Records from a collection
◆ ◆ ◆ ◆

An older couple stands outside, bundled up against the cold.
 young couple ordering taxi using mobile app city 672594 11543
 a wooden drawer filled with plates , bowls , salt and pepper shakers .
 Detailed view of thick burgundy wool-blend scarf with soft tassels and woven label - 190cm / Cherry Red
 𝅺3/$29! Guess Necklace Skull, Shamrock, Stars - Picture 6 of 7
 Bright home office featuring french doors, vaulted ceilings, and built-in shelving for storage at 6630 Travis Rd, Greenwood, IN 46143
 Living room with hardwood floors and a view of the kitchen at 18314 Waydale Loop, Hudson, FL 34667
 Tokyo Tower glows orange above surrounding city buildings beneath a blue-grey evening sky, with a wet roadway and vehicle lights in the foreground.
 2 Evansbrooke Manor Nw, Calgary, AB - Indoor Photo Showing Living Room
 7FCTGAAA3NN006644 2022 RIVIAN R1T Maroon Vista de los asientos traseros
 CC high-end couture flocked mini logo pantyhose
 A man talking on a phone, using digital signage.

◆ ◆ ◆ ◆

EXERCISE GOAL — Beginning with the line that contains "a wooden drawer" and ending with the last line of the data above, return those lines exactly and nothing else.

PROBLEM SOLUTION —
 a wooden drawer filled with plates , bowls , salt and pepper shakers .
 Detailed view of thick burgundy wool-blend scarf with soft tassels and woven label - 190cm / Cherry Red
 𝅺3/$29! Guess Necklace Skull, Shamrock, Stars - Picture 6 of 7
 Bright home office featuring french doors, vaulted ceilings, and built-in shelving for storage at 6630 Travis Rd, Greenwood, IN 46143
 Living room with hardwood floors and a view of the kitchen at 18314 Waydale Loop, Hudson, FL 34667
 Tokyo Tower glows orange above surrounding city buildings beneath a blue-grey evening sky, with a wet roadway and vehicle lights in the foreground.
 2 Evansbrooke Manor Nw, Calgary, AB - Indoor Photo Showing Living Room
 7FCTGAAA3NN006644 2022 RIVIAN R1T Maroon Vista de los asientos traseros
 CC high-end couture flocked mini logo pantyhose
 A man talking on a phone, using digital signage.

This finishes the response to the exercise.